◆ **What the task asks**
In the records below, the relevant part opens with the line containing "Meckior Save Beautiful" and closes with the line containing "IT-Servicekatalog Stanford University"; print that part exactly and only, without its pictures.

◆ **Dataset**
--------

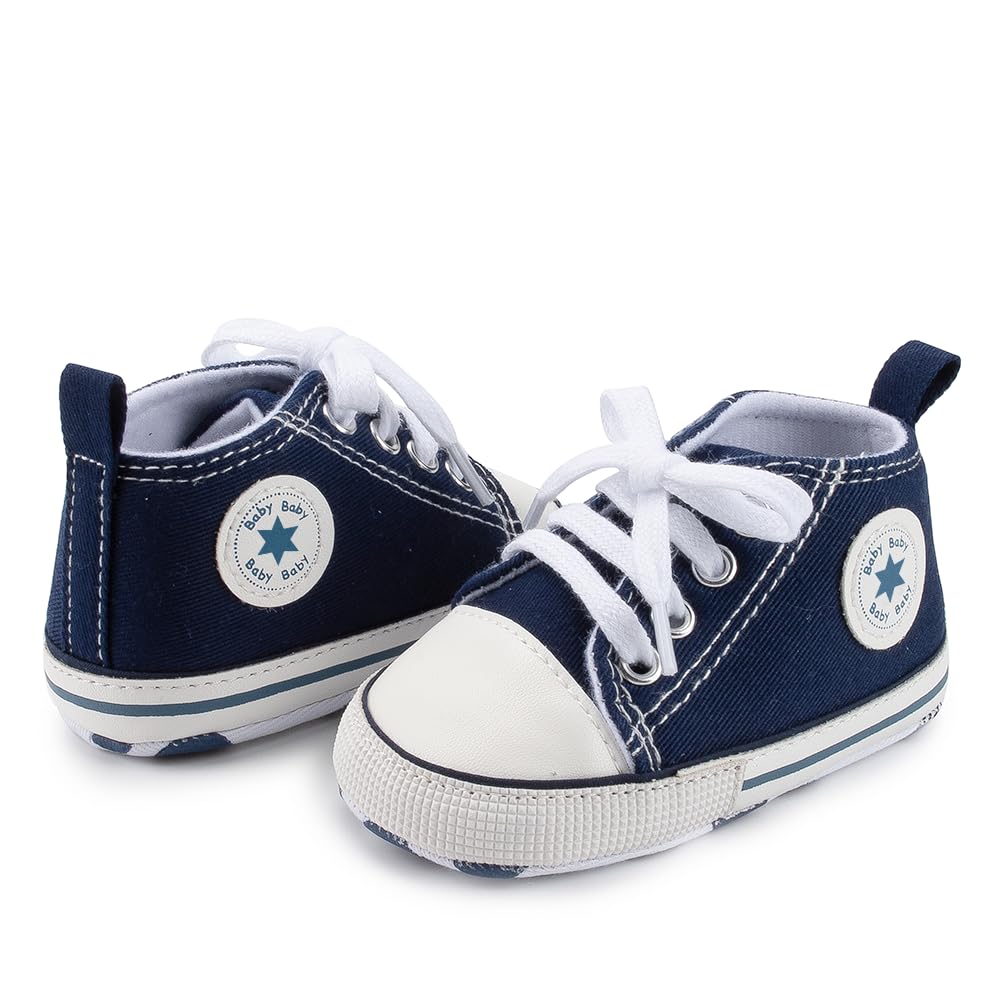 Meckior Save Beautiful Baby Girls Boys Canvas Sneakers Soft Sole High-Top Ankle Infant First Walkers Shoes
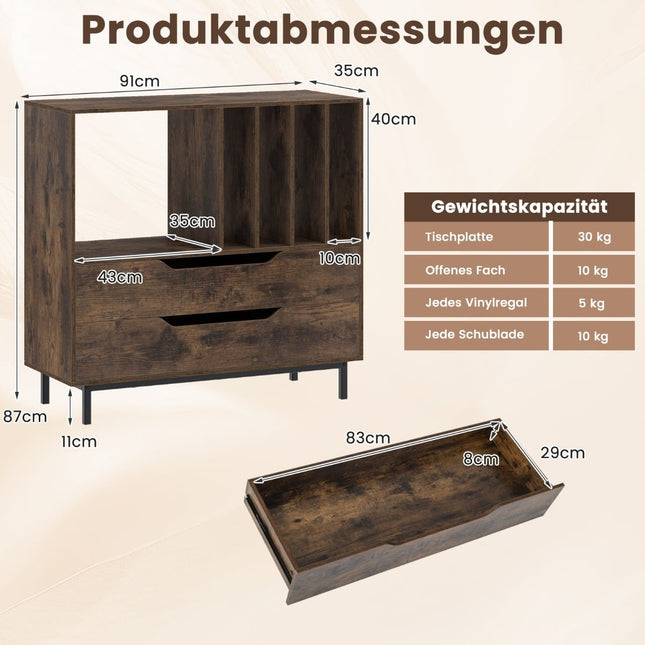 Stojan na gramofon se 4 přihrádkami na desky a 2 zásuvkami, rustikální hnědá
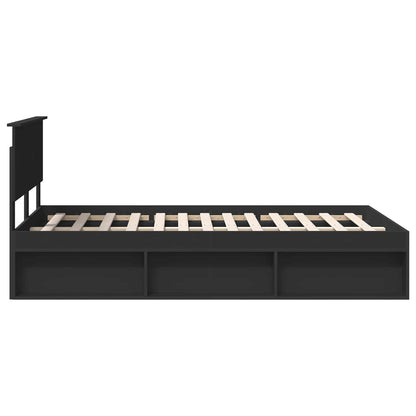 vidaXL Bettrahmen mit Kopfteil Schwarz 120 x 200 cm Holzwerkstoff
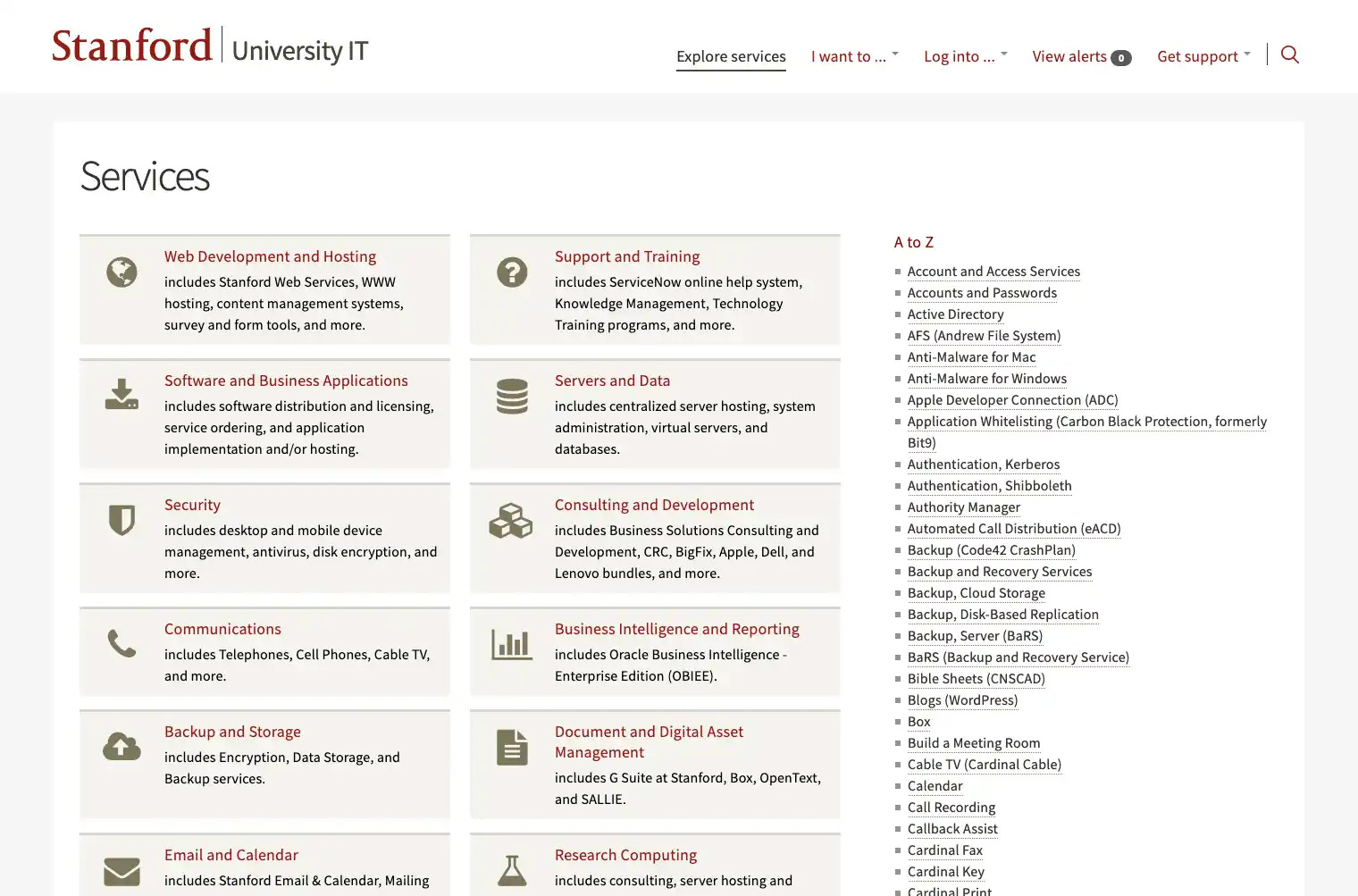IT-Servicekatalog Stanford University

--------

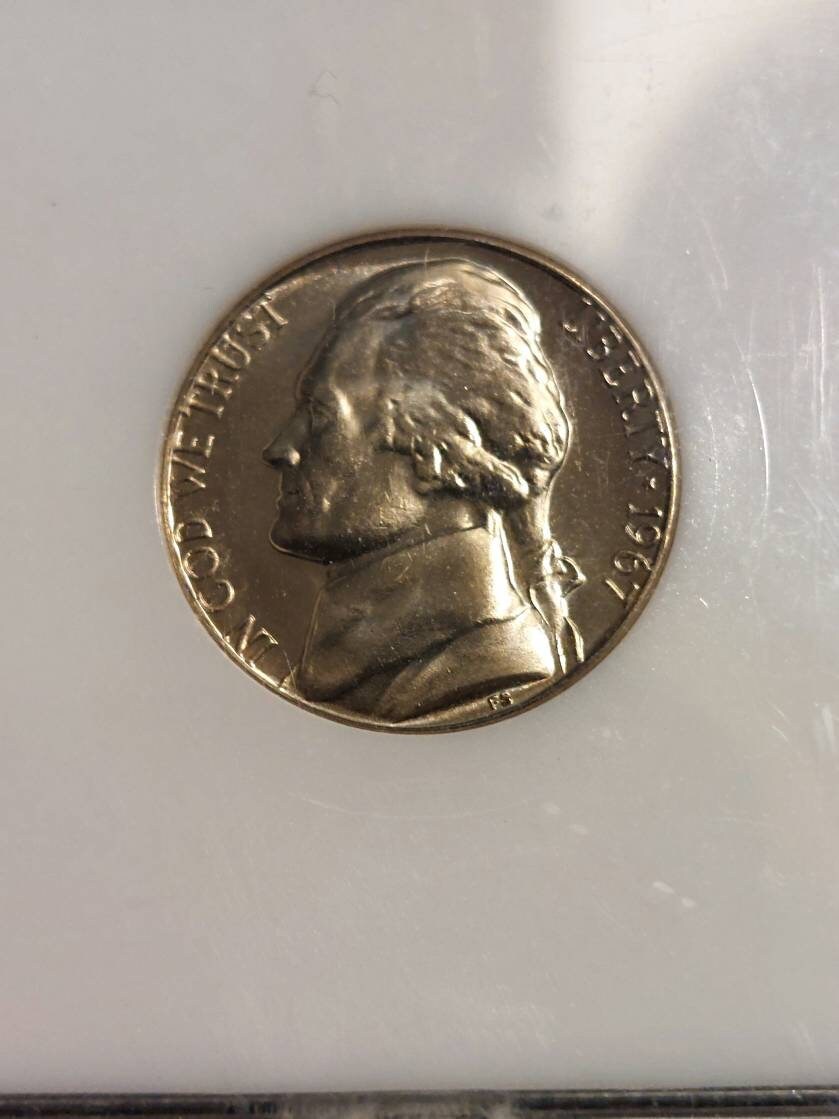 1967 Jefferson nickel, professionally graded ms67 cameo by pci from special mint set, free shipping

--------

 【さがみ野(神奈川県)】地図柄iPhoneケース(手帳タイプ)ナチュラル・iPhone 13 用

--------

◆ **Response to the exercise**
 Meckior Save Beautiful Baby Girls Boys Canvas Sneakers Soft Sole High-Top Ankle Infant First Walkers Shoes
 Stojan na gramofon se 4 přihrádkami na desky a 2 zásuvkami, rustikální hnědá
 vidaXL Bettrahmen mit Kopfteil Schwarz 120 x 200 cm Holzwerkstoff
IT-Servicekatalog Stanford University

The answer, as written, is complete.